Photo/Illutration Protesters show their opposition to the Tokyo Olympics in front of the State Guest House in Tokyo’s Shinjuku Ward on July 11. (Yusuke Saito)

With just days to go until the Tokyo Olympics officially kick off, almost seven in 10 respondents said they believe the Games cannot be held safely, according to a new Asahi Shimbun poll.

Prime Minister Yoshihide Suga has repeatedly stated that the Olympics will be “safe and secure,” but 68 percent of respondents said they do not share his sentiment.
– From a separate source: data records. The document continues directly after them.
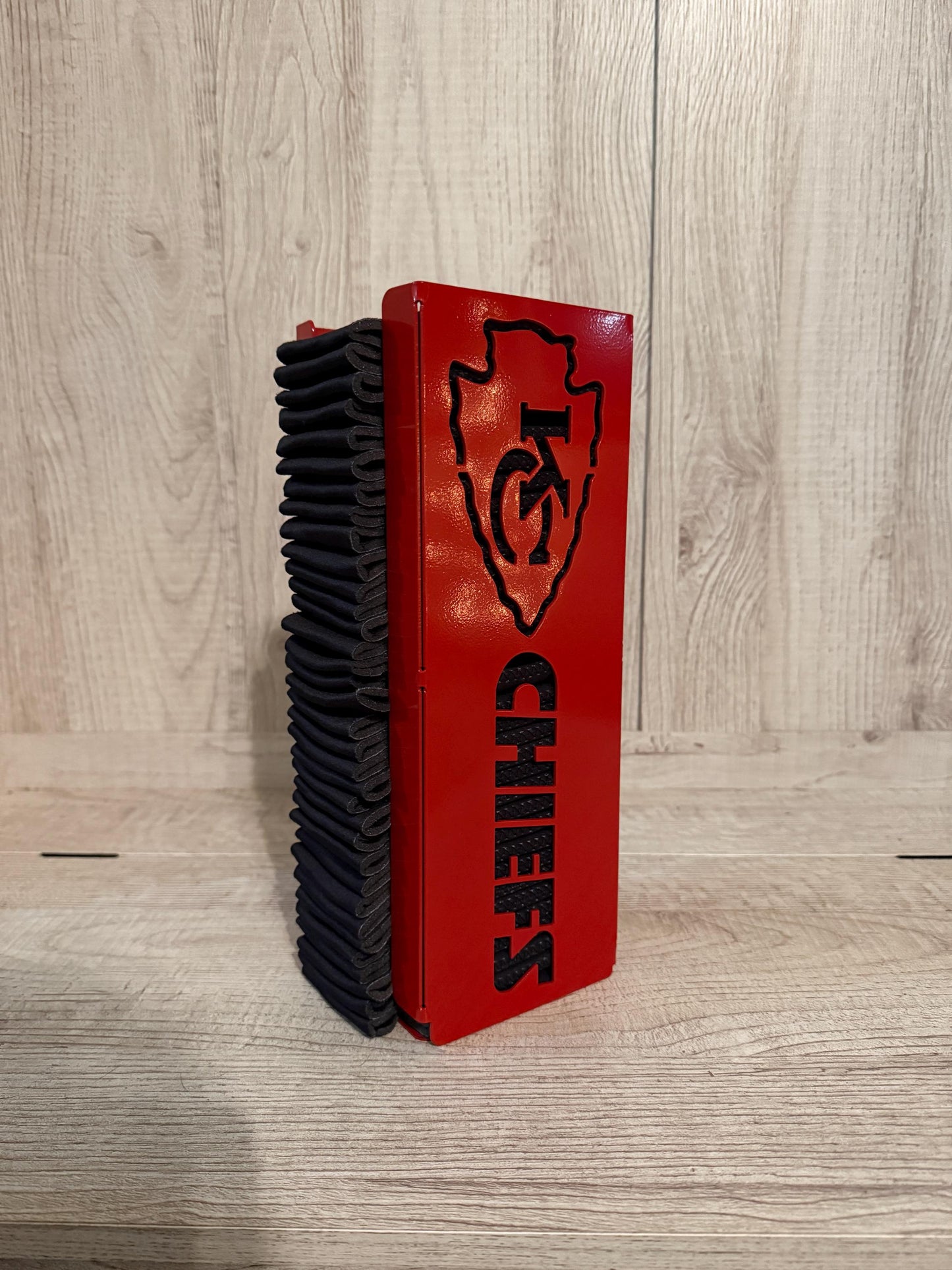 Football Can Cooler Dispenser, College Football Can Cooler Dispenser, Can Cooler Dispenser, Football, Sports, Customizable, Coolie Cup, Beer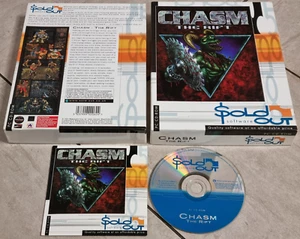 Chasm The Rift Big Box Version For PC CD-Rom Rare & Complete In VGC - Picture 1 of 11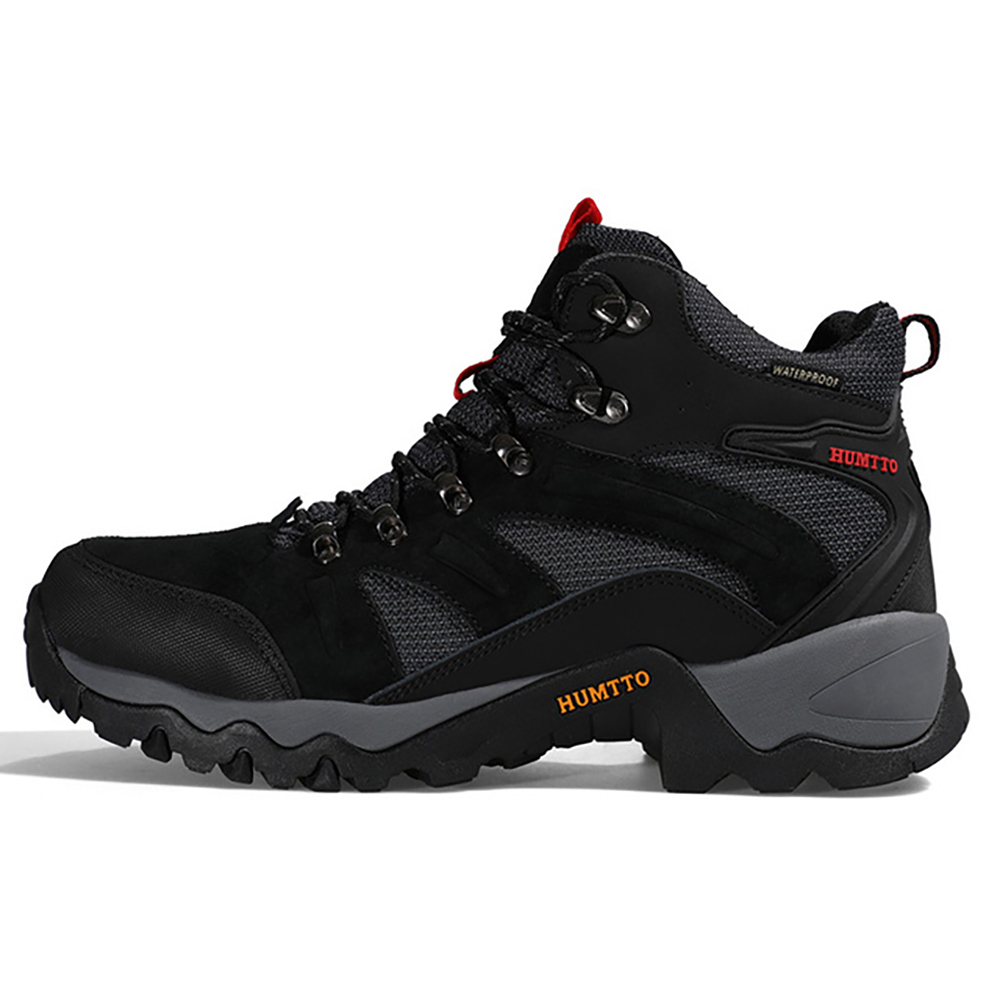 Giày leo núi nam cổ cao Humtto Trekking Sneakers 210361A-1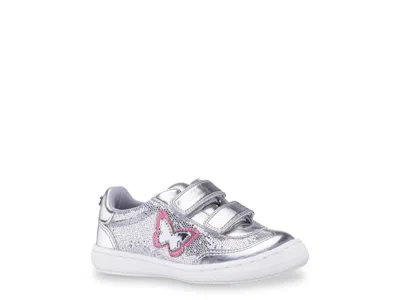 Nina Desty Sneaker Kids' In Silver Metallic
Only 21 percent said that the Games can be “safe and secure.”

The national telephone survey, conducted on July 17 and 18, quizzed respondents on whether they support holding the Olympics and found that just 33 percent are in support while 55 percent are opposed. 

Only 26 percent of women support holding the Olympics, with 59 percent opposed, while 41 percent of men are in support and 51 percent opposed.

Consistently across all age groups, more people are against holding the Games than are for them being staged, the poll showed.

In Tokyo, where coronavirus cases are surging under a fourth state of emergency, 30 percent expressed support for the Games while 58 percent said they oppose holding them.

Seventy-six percent said they are “glad” spectators are not allowed to enter nearly all the venues, while 17 percent said they are “not glad.”

When respondents were asked about whether they want to watch the sporting events on TV or through other media, 56 percent said they “want to watch,” while 41 percent said they “don’t want to watch them so much.”

The survey was conducted by contacting landline and mobile phone numbers selected at random.

It received 628 valid responses, or 55 percent, of the 1,142 households contacted through a landline with at least one eligible voter.

There were 816 valid responses, or 42 percent, from 1,963 mobile phone numbers of eligible voters.

The combined valid responses totaled 1,444.